Starting from scratch
^^^^^^^^^^^^^^^^^^^^^
To make writing a new ``vladfile.py`` easy, Vladiate will give
meaningful error messages.
Given the following as ``real_vampires.csv``:
::
Column A,Column B,Column C
Vlad the Impaler,Not A Vampire
Dracula,Vampire
Count Chocula,Vampire
Ronald Reagan,Maybe A Vampire
We could write a bare-bones validator as follows:
.. code:: python
class YourFirstEmptyValidator(Vlad):
source = LocalFile('real_vampires.csv')
validators = {}
Running this with ``vladiate`` would give the following error:
::
Validating YourFirstEmptyValidator(source=LocalFile('real_vampires.csv'))
Missing...
Missing validators for:
'Column A': [],
'Column B': [],
'Column C': [],
Vladiate expects something to be specified for every column, *even if it
is an empty list* (more on this later). We can easily copy and paste
from the error into our ``vladfile.py`` to make it:
.. code:: python
class YourFirstEmptyValidator(Vlad):
source = LocalFile('real_vampires.csv')
validators = {
'Column A': [],
'Column B': [],
'Column C': [],
}
When we run *this* with ``vladiate``, we get:
::
Validating YourSecondEmptyValidator(source=LocalFile('real_vampires.csv'))
Failed :(
EmptyValidator failed 4 time(s) on field: 'Column A'
Invalid fields: ['Dracula', 'Vlad the Impaler', 'Count Chocula', 'Ronald Reagan']

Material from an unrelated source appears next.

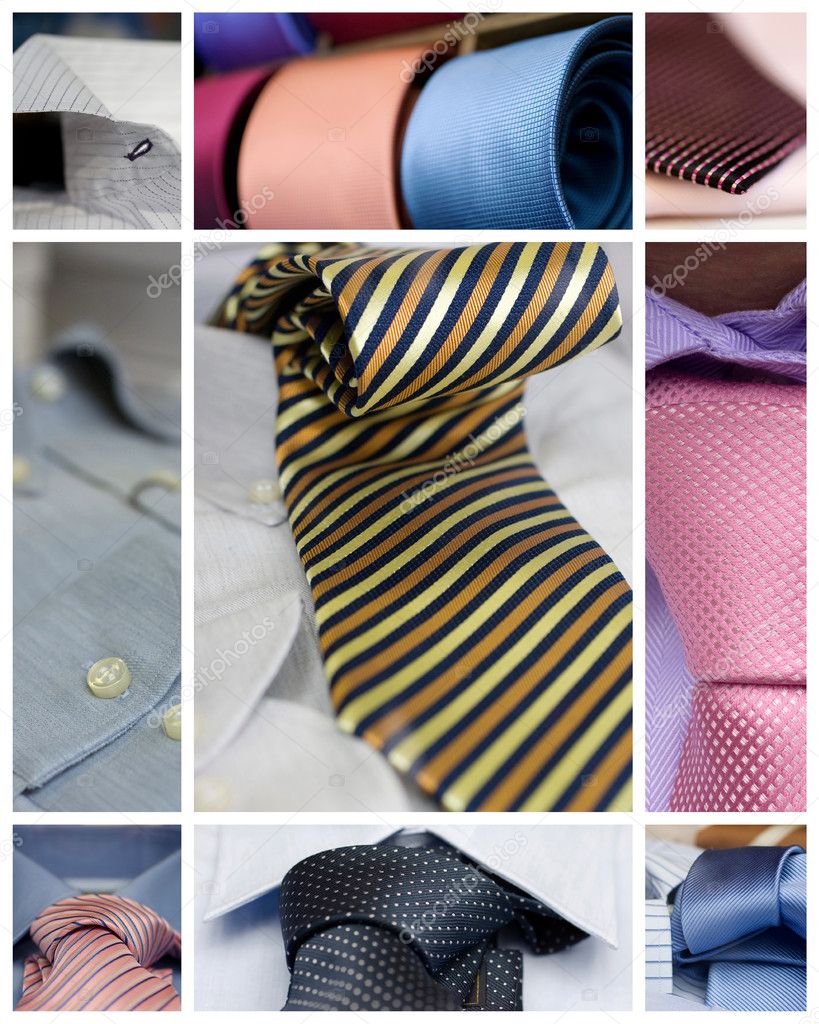 Neckties and shirts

EmptyValidator failed 4 time(s) on field: 'Column B'
Invalid fields: ['Maybe A Vampire', 'Not A Vampire', 'Vampire']
EmptyValidator failed 4 time(s) on field: 'Column C'
Invalid fields: ['Real', 'Not Real']
This is because Vladiate interprets an empty list of validators for a
field as an ``EmptyValidator``, which expects an empty string in every
field. This helps us make meaningful decisions when adding validators to
our ``vladfile.py``. It also ensures that we are not forgetting about a
column or field which is not empty.
Built-in Validators
^^^^^^^^^^^^^^^^^^^
Vladiate comes with a few common validators built-in:
*class* ``Validator``
Generic validator. Should be subclassed by any custom validators. Not to
be used directly.
*class* ``CastValidator``
Generic "can-be-cast-to-x" validator. Should be subclassed by any
cast-test validator. Not to be used directly.
*class* ``IntValidator``
Validates whether a field can be cast to an ``int`` type or not.
:``empty_ok=False``:
Specify whether a field which is an empty string should be ignored.
*class* ``FloatValidator``
Validates whether a field can be cast to an ``float`` type or not.
:``empty_ok=False``:
Specify whether a field which is an empty string should be ignored.
*class* ``SetValidator``
Validates whether a field is in the specified set of possible fields.
:``valid_set=[]``:
List of valid possible fields
:``empty_ok=False``:
Implicity adds the empty string to the specified set.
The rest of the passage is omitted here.